3K views 9 replies 8 participants last post by  jsmosby 
#1 ·
Like many bayonet collectors if I see a loose scabbard I'll often pick it up just in case the right bayonet to fit such a scabbard turns up one day.

So, for a few months now I have had this metal 98/05 scabbard with a throat designed to take a sawback, and now I have a nice 98/05 sawback to go into it :thumbsup:- except that there is a large dent on one side of the scabbard about 3-4 inches below the throat, and the bayonet won't go in :((well, it might if I push it - but I don't want to scratch the blade!)...

I have seen somewhere (on this or another Forum) a WWI photo of a German military engineer easing out just such a dent using a blow torch to heat up the scabbard and then (apparently) forcing a piece of blank metal of the right size into the throat - but the scabbard I have has a rather nice patina, so I don't want to use a blow torch on it...
Any suggestions what to do?:?

Trajan
 
#2 ·
Special tools were made that would slip into the bayonet scabbard, the inside dimensions of it, and then the scabbard could be hammered into shape over this mandrel. You need to make something similar.
 
#3 ·
Thanks Sean. It just so happens that I also have a battlefield relic 98/05 sawback that does fit into the same scabbard, with a slight push. There is not that much variation in 98/05 blade thicknesses, but I can see that the relic might have lost just enough surface through corrosion to slip in more easily - if so we are talking possibly of about 0.5 mm here!. Perhaps I can use the relic as a mandrel to reform the scabbard?

Trajan
 
#4 ·
If the dent is that close to the throat, you can make a mandrel out oak, or other hard wood. Just trace the end of the scabbard, on the end of the wood, Then make the wood slightly smaller. I have also heard of people filling them with water, and freezing to push dents out. I've never done this. Seems to me, you would have to seal the open end. If tightly sealed, you run the risk of splitting the seam.
 
#5 ·
The scabbard to my 98/05 I recently posted in another thread is MISSING both the throat and the screw that held it in place; they DO come out! If you can remove these from yours without boogering the slot on the screw ( or even worse - breaking it off! ), then you can MUCH more easily get something to use as a mandrel down the scabbard. Just don't force anything!
 
#6 ·
Trajan, you will not be able to use the "relic" bayonet as a substitute mandrel. Use a purpose-made mandrel close to the dimensions of the inside of the scabbard and of the same curve, that way you know it will work. Light hammer blows around the edge of the dent with a flat, wide faced hammer will do the trick. Oak or an equally hard wood may work but steel will do better and will not take that much longer to file to shape.

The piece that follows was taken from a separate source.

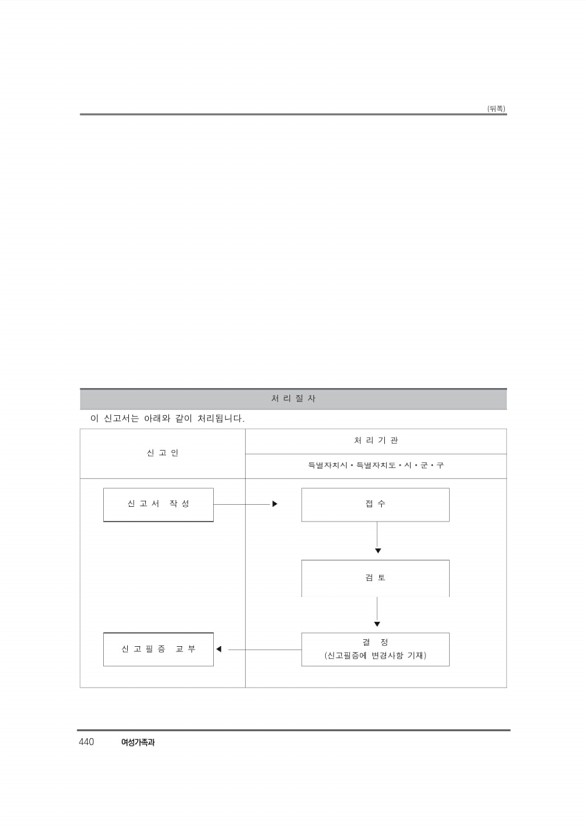 461페이지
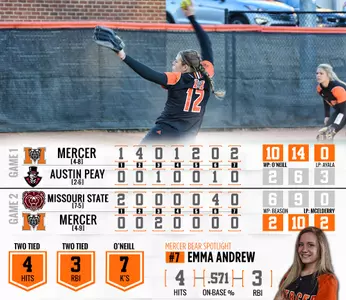 Softball Splits In Day Two Of Trojan Warrior Tournament Image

It can also be held in your vice more securely than wood.

As far as the freezing water in the scabbard? No, not in a million years will that work. I've seen that suggestion too but as water freezes it is not selective in it's expansion. it exerts equal pressure everywhere and is just as likely to distort, even split the scabbard as it is to push out the dent though it will likely expand in the space with least resistance and come out of the open end if not tightly sealed.
 
#10 ·
Good suggestion to use a suction cup although I suspect the steel gauge in the scabbard (thicker) is different that that used in autos (thinner). In theory the heat then cold makes some sense. I knew an old farmer in Wisconsin that built a fire over large hard head rocks in fields he was plowing. He'd keep them going for several hours, poured cold water on the hot rocks and remove the small pieces.